You'll notice there are no equations in this: that's because this is a question of morale, not of math. But a humble one at that! I come to learn, not to expound. But don't let that limit the form of your answer! Thank you in advance…
So, there are two aspects to the physics of electrostatics that I incidentally know confuse me right now. First off, it's the implications of these principles:
If there was an electric charge inside a conductor, it would induce motion in the charges. Therefore, we conclude that in electrostatic situations, there is no net charge inside the conductor.
Fair enough! Electrons move very easily in conductors. So I suppose this makes sense! But, that doesn't quite, in itself, give me enough information to predict the electric charge inside of a conductor can be electrostatic. Here's how I figure it:
If charge is evenly spread throughout a conductor, and out of balance, then the net excess charge (net field) inside of that conductor is going to be more "intense" (ie, ephemeral net electric field?) for charges inside rather than charges at the at the surface – they are "closer" and thus, the exact outside of the the conductor is where they will rapidly end up. (If there is no field outside the conductor, there is less "pressing" on the electrons from the outside.
Now that's fine, however: in a sufficiently huge hollow conductor, why don't they end up on the inside?
That works great for electrons! (Or, I thought it did.) However, my train of thought starts to break down for positive charges, and realistically, huge hollow conductors. If there is any stray charge outside of a certain conductor, couldn't there be some on an internal surface of a huge, hallow conductor? These would tend to cancel each other out, but in that non-ideal situation….
In the Faraday Ice Pail experiment shown in my physics book, it is a positive charge that is lowered into the pails.. ie, a lack of electrons. However, the positive charge stays on the surface as well… meaning their is a "lack" of electrons on the outside of the pail. Suddenly it's much harder to visualize my own crude "theory."

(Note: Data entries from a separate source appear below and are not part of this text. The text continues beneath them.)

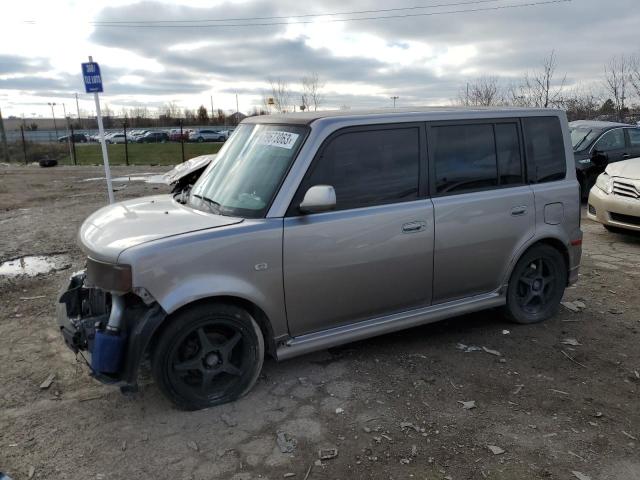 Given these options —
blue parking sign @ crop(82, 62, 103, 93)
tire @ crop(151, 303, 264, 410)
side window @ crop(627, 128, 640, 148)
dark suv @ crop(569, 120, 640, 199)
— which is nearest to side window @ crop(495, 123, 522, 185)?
tire @ crop(151, 303, 264, 410)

Would someone be so kind as to tell me what mechanism exactly, the electrons are propelled to such locations that they are in this situation?
I guess it seems consistent with conservation of energy (ie, moving electrons are doing doing work, whereas static charges do not? Thus again we can't have moving charges sustained in the conductor without an energy source?)
Best Answer
As you say: "If there is any stray charge outside of a certain conductor, couldn't there be some on an internal surface of a huge, hollow conductor?"
Certainly! I think your confusion arises from a misunderstanding of what "outside" means in this context. Outside does not mean "the furthest surface from the center of mass of an object." It means "the surface of an object." Likewise, the "inside" of a conductor refers to the actual matter of the conductor itself (the atoms making up the metal, that is), not to any hollow cavity in the middle of a larger conductor.
Suppose we have a spherical copper shell - that is, a sphere made of copper with a cavity in the middle. If we put a positive charge in the middle of this hollow cavity, then the inner surface of the shell will tend to become negatively charged (as the positive charge in the center will pull electrons to the inner surface) and the outer surface will become positively charged (in the absence of electrons). This is essentially the situation you have described, and it is completely accurate.
Your instinct about conservation of energy is also correct. The reason that moving charges cannot be sustained in a conductor is because no current in a conductor is indefinitely sustainable without some addition of energy. So eventually the charges in a conductor must move to some electrostatic position.
I'm not sure if this answers your question completely, because I'm not quite certain how the two aspects of your question ("what is the mechanism by which electrons are propelled" and "why do charges end up on the outside") fit together, so let me know if you need any clarification.